Book Review

Shradha Ghale’s Kathmandu Leela: Setting new challenges and standards in novel-writing

Published On: December 21, 2018 09:42 AM NPT


At the very outset, and seemingly offhand, I extract the very first paragraph from Mr. Louis Menand’s latest essay in The New Yorker, of December 10, 2018, which opens in this way:

If a book is good, if it’s artful, entertaining, and informative, should it matter who the author is? Once upon a time, many readers would have said no. It was a longstanding protocol of book appreciation to consider things like gender, sexuality, ethnicity, personal vices, personal virtues (if any), and prior reputation of the author irrelevant to a book’s merits. You could disapprove of a writer’s politics and prejudices if they showed up in the text; otherwise, they were customarily bracketed off. [My emphasis]

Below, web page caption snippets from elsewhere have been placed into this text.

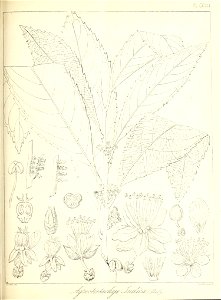n554_w1150
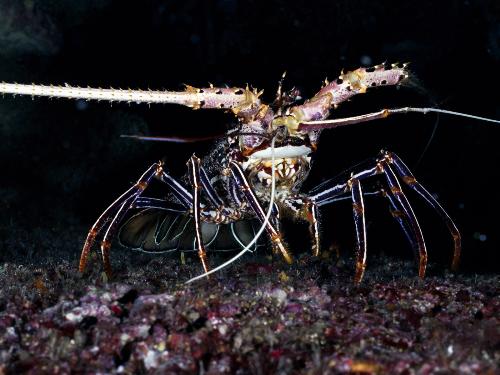 Shrimp - Mr. Whiskers. Cleaning the oceanic floor.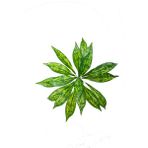 Güleç Yapay Çiçek Yapay Yeşillik Aglaonema Bitkisi - Renkli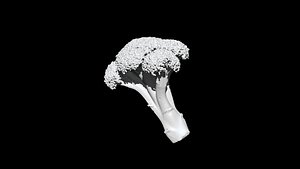 3D broccoli  cut 3D CT scan model 2 decimate 10percent
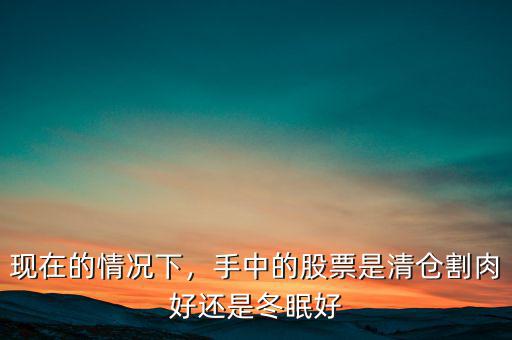 現(xiàn)在的情況下，手中的股票是清倉割肉好還是冬眠好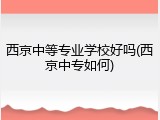 西京中等专业学校好吗(西京中专如何)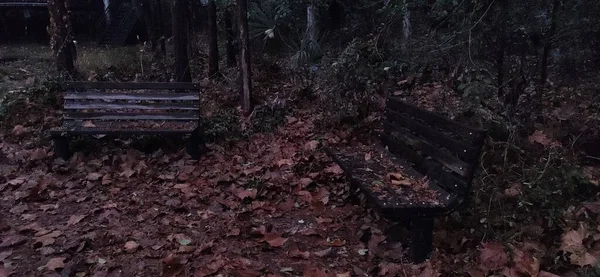 old wooden bench in the park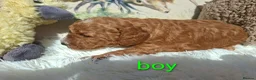 Cockapoo dogs for sale: Cockapoo Puppies PRA Clear! 262 DNA tests clear!KC - Advert 37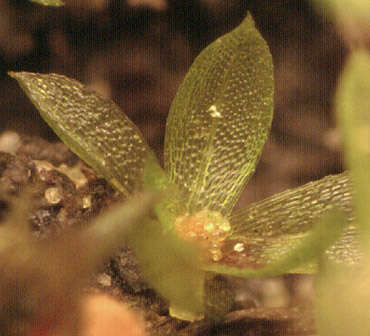 Image of Common Bladder Moss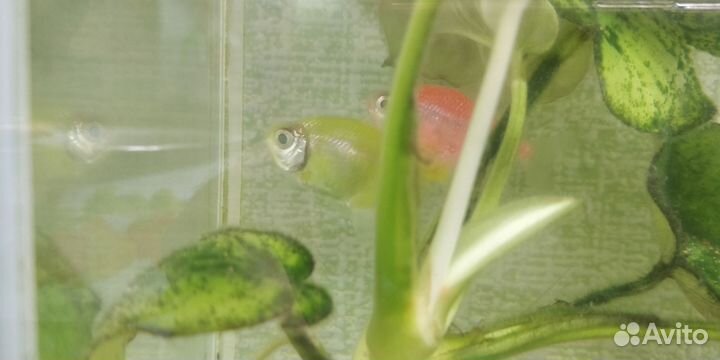 Рыбки тернеция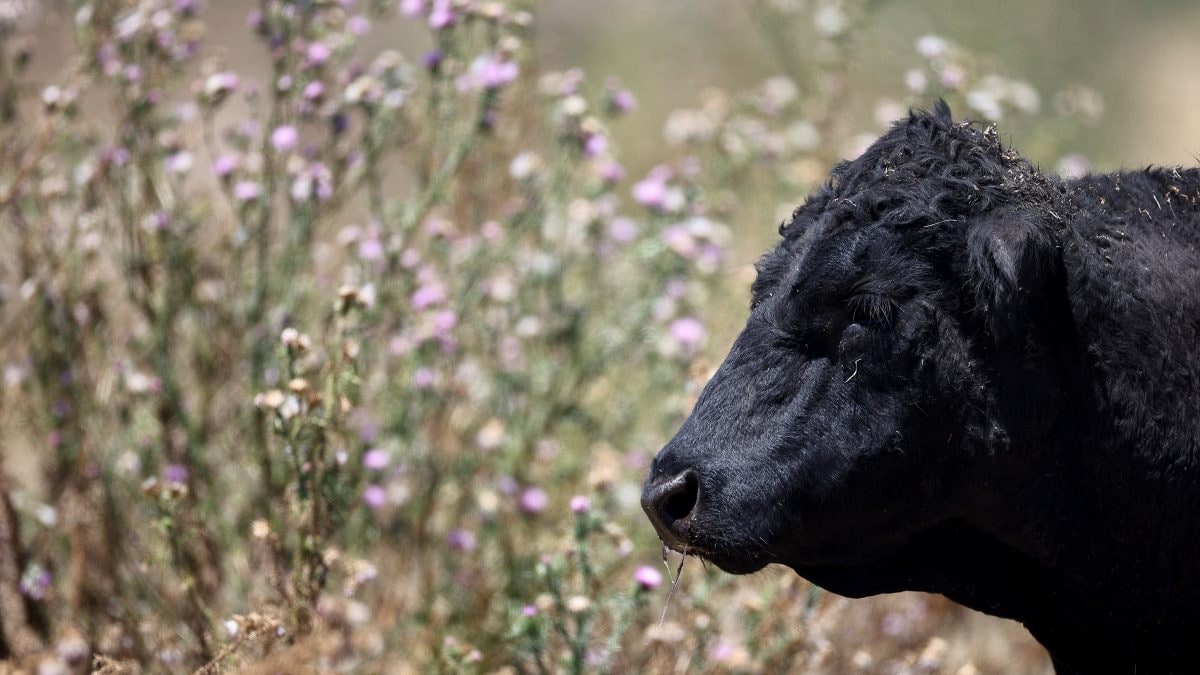 Do cows have a language? Dutch scientist learning how they speak to one another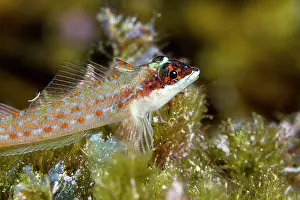 Lea Lee: Lizard Triplefin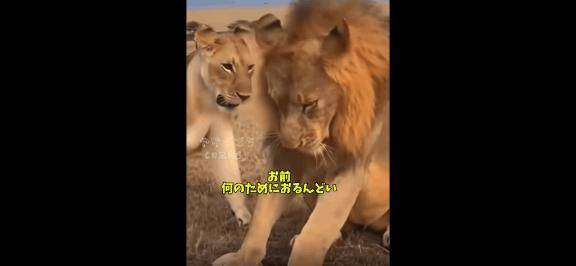 [お題]from:マンホールさん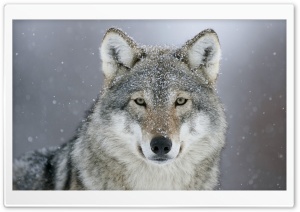 Predator Wolf Snow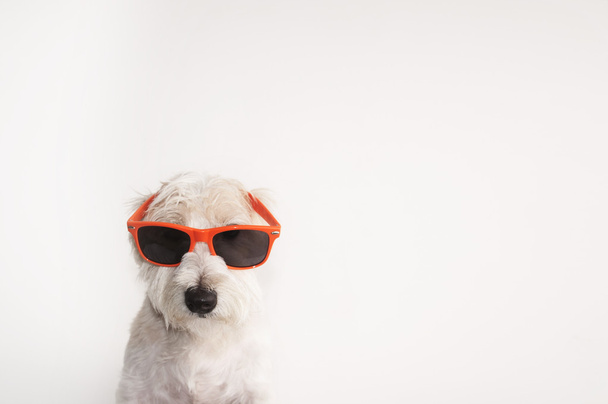 Tiro de un perro Jack Russell Terrier con gafas de caminante
 - Foto, imagen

Mr Menand’s topic is “Literary Hoaxes and the Ethics of Authorship” and therefore quite out of the context of this review. But the above excerpt applies to the novel and its author under review wherever it is apt and to the mark. By saying so, it also touches all of us who are tagged as ‘Nepali Writers Writing in English’ – NWWiE. These stands will stand out in the following paragraphs.

There are merely a dozen creative writers in the Nepali world of letters at large at present: Two or three Newars, one Chhetri Thapa, some five Bahuns, one Thakuri Singh/Shah, one Limbu, one Gurung, one Lepcha, one Karki, some Madheshis – and now, one Ghale. I include writers of all genres: Long and short fiction, poems, lyrics, plays, criticism, and other literature forms.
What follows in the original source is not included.